Cette fragilité est d’autant plus déplorable que cet événement est à tel point en prise avec les maux du monde qu’il est régulièrement percuté par l’actualité. On se souvient, en 2011, de Jalila Baccar et Fadhel Jaïbi n’assistant qu’à la première des deux dates de Yahia Yaïch Amnesia, car ils rejoignaient la Tunisie afin de voter librement pour la première fois de leur vie, Ben Ali ayant été chassé du pouvoir par le peuple. L’an dernier, le Palestinien Ahmed Tobasi présentait And Here I Am, onze jours après l’attaque terroriste du 7-Octobre et alors que les premières bombes de l’armée israélienne s’abattaient sur la bande de Gaza. La ville de Choisy-le-Roi le déprogrammait ; Sens Interdits s’est acharné à le jouer. Au-delà même de ces carambolages, le festival s’impose également comme le terreau de nouvelles façons de regarder des codes européocentrés heureusement malmenés.
Une filiation avec les artistes rwandais
Au-delà des près de 150 spectacles programmés par Patrick Penot, Sens Interdits ce sont aussi de longues rencontres avec les artistes, des collaborations avec des écoles – le Conservatoire de Lyon, l’ENSATT, l’ENS Lyon, l’École de la Comédie de Saint-Étienne, celle de Lausanne… –, une webradio, des ateliers, des projections vidéo – comment se remettre des 5h30 de Rwanda 94 présentée il y a quelques jours ? –, des concerts – comme celui d’Ül Kimvn –, et désormais une collection de dix titres dans la maison d’édition L’Espace d’un instant – parmi lesquels les textes de la Franco-Turque Sultan Ulutaş Alopé, de la Roumaine Anca Bene et de la Malienne Jeanne Diama.
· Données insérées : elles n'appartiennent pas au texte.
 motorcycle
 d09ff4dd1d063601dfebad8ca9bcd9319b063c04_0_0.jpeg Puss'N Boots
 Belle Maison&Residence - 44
D’autres échos se font avec la manifestation, à l’instar du profond entretien-fleuve de Carole Karemera mené par le président de l’association du festival, Olivier Neveux, dans le numéro 253 de Théâtre/Public, la revue qu’il coordonne. L’actrice belgo-rwandaise a été invitée plusieurs fois par Patrick Penot, notamment pour We call it love, spectacle très fort, en bi-frontal, qui donnait la parole à une mère ayant perdu mari et enfant lors du génocide rwandais et apportant à manger en prison au meurtrier de son fils abandonné. Dans la même veine, Hate Radio de Milo Rau avait été programmé lors de l’édition précédente, en 2015 ; et Génération 25 de Hope Azeda et Yannick Kamanzi a poursuivi, cette année, cette filiation avec les artistes rwandais.
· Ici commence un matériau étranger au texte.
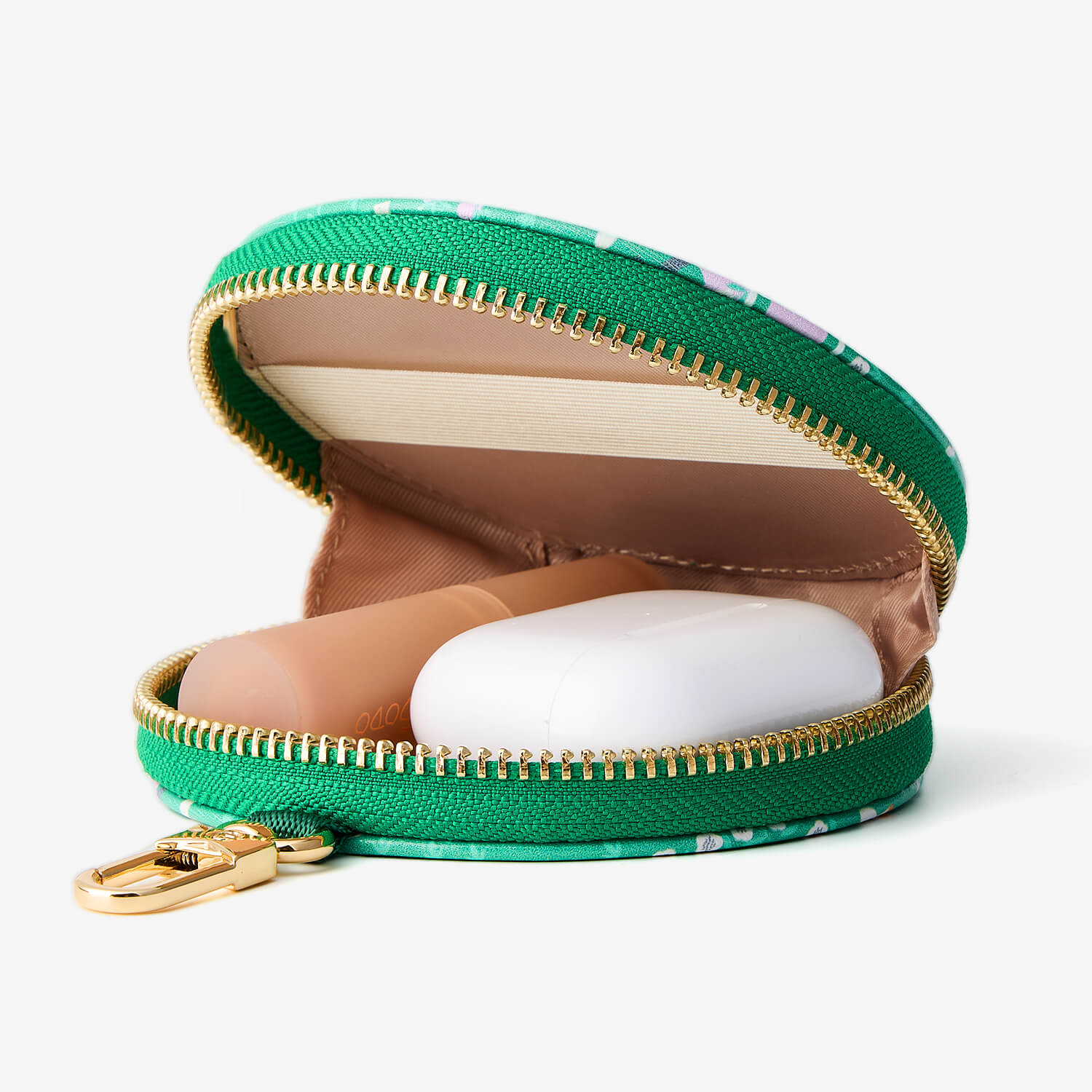 Sumana- Whimsical Theme Designer Crossbody Phone Case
En salle, en rue, dans des espaces clos ou ouverts, de jour ou de nuit, la Libanaise Chrystèle Khodr – Titre provisoire en 2017, Augures en 2021, Ordalie en 2023 –, le Camerounais Zora Snake et la compagnie Garniouze – Rictus en 2015 et Ce que j’appelle oubli en 2023 – ont modelé ce festival, ponctué aussi par la venue du maître Matthias Langhoff et sa Mission d’Heiner Müller, sur un plancher bancal, époustouflant de modernité à propos d’un soulèvement avorté d’esclaves sous l’ère napoléonienne. Deux ans auparavant, en 2015, une partie du Raoul Collectif, le Nimis Groupe, proposait Ceux que j’ai rencontrés ne m’ont peut-être pas vu et interrogeait sans détour, avec des sans-papiers au plateau, le fonctionnement de l’agence Frontex, « bras armé de l’UE ». La même histoire. Une filiation.
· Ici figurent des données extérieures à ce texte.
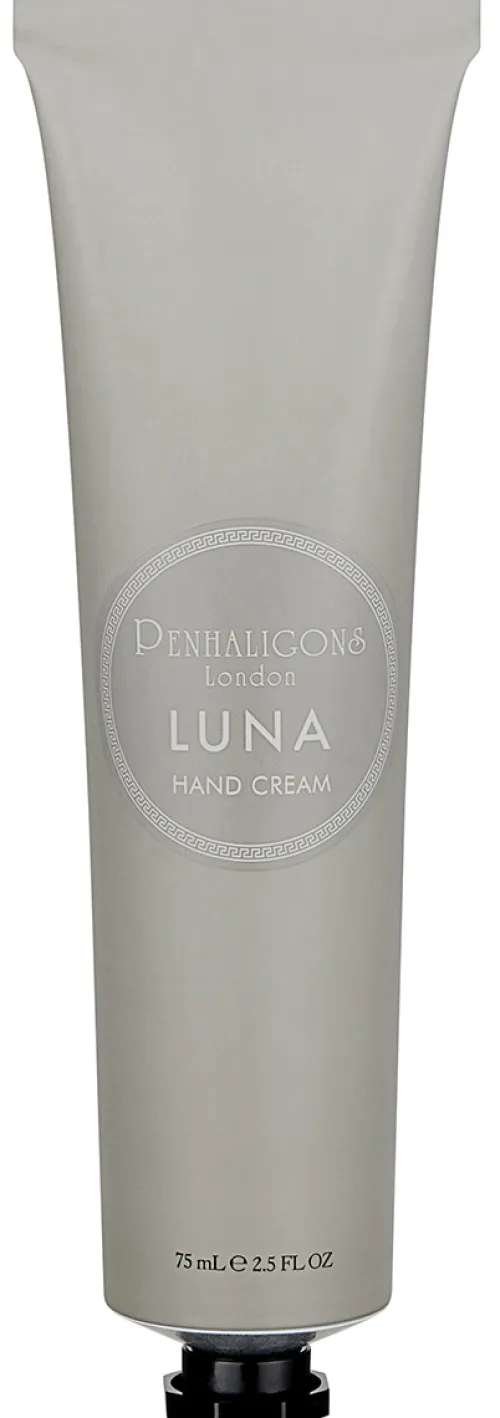 Luna Hand Cream|Penhaligon's Outlet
À l’heure de passer la main, parmi ces multiples rencontres, Patrick Penot se remémore celle avec C’était un samedi de la metteuse en scène, autrice et traductrice Irène Bonnaud. « Dans les petites formes, au plus proche de ce qu’on a eu envie faire, il y a eu ce spectacle sur la déportation d’une petite communauté grecque juive romaniote avec des figurines en terre cuite, une des choses les plus bouleversantes que j’ai vues sur la Shoah », dit-il à propos de cette pièce qui a joué dans des salles plus ou moins grandes – à Bourgoin, Caluire, Bron… – et plus ou moins dédiées au théâtre – centre de résistance et de la déportation. À l’image d’un festival poli par son directeur pour sortir des chemins balisés et laisser place à celles et ceux qui sont invisibilisés.